Given information: Begin

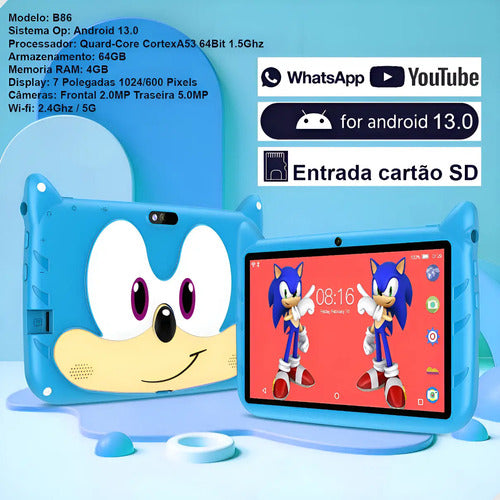 Tablet Kids 7 Polegadas 64gb Sonic  Playstore Menino Menina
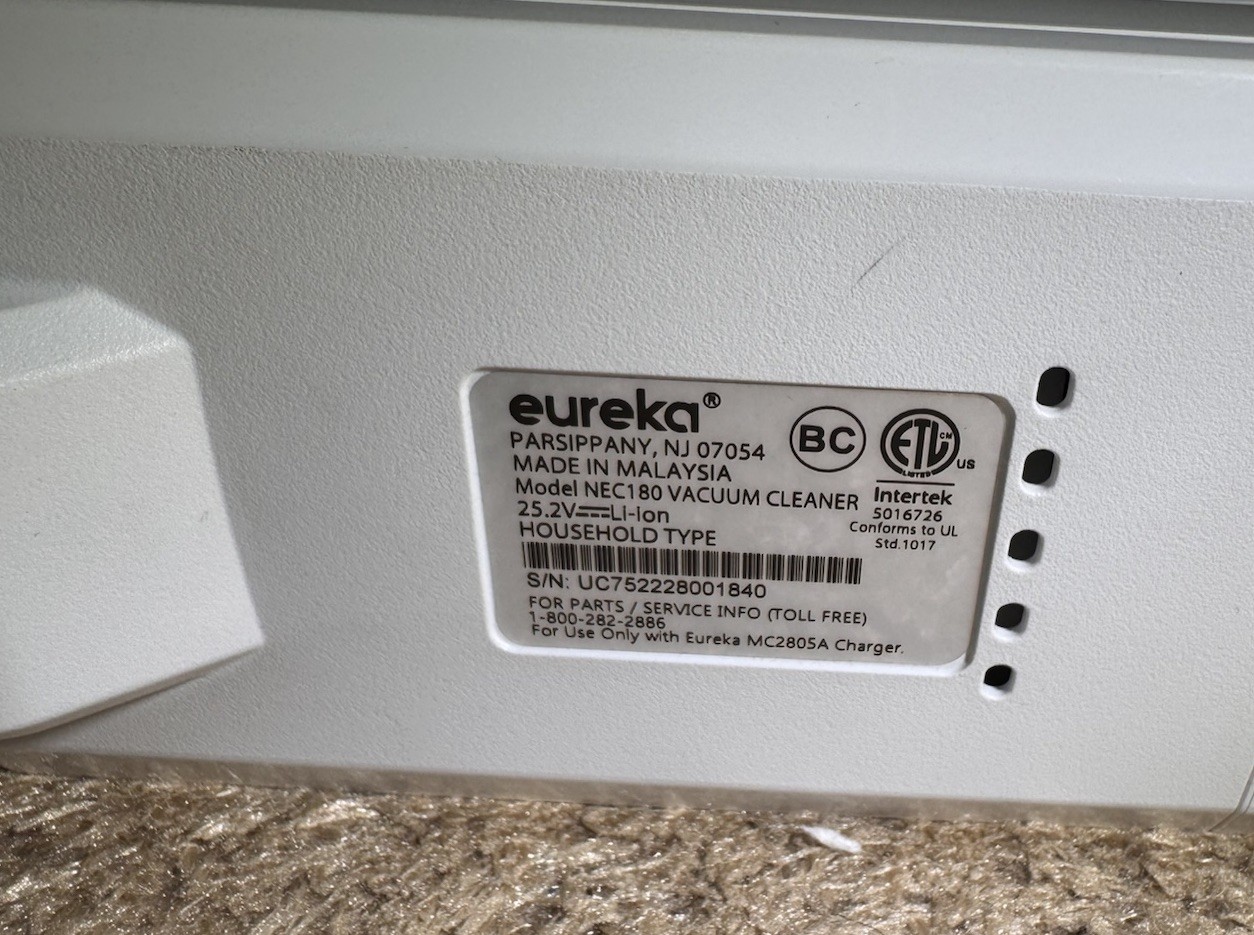 Eureka Pro NEC180 Vacuum Main Body Base Battery OEM Part (No Charger) Works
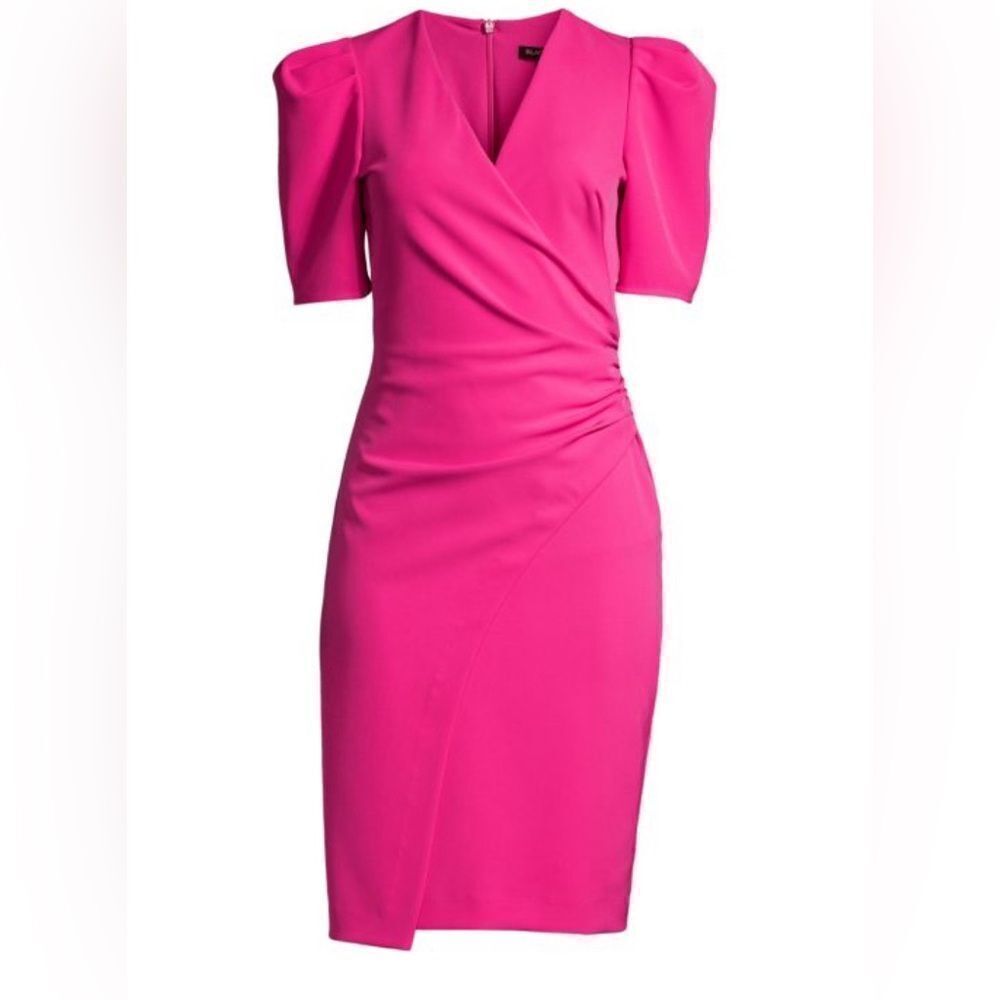 Black halo x laurel berman Bali sheath dress hot pink gathered smock wrap front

Given information: End

* _Required action_
Return the material above exactly; the images stay out.

* _Expected answer_
 Tablet Kids 7 Polegadas 64gb Sonic  Playstore Menino Menina
 Eureka Pro NEC180 Vacuum Main Body Base Battery OEM Part (No Charger) Works
 Black halo x laurel berman Bali sheath dress hot pink gathered smock wrap front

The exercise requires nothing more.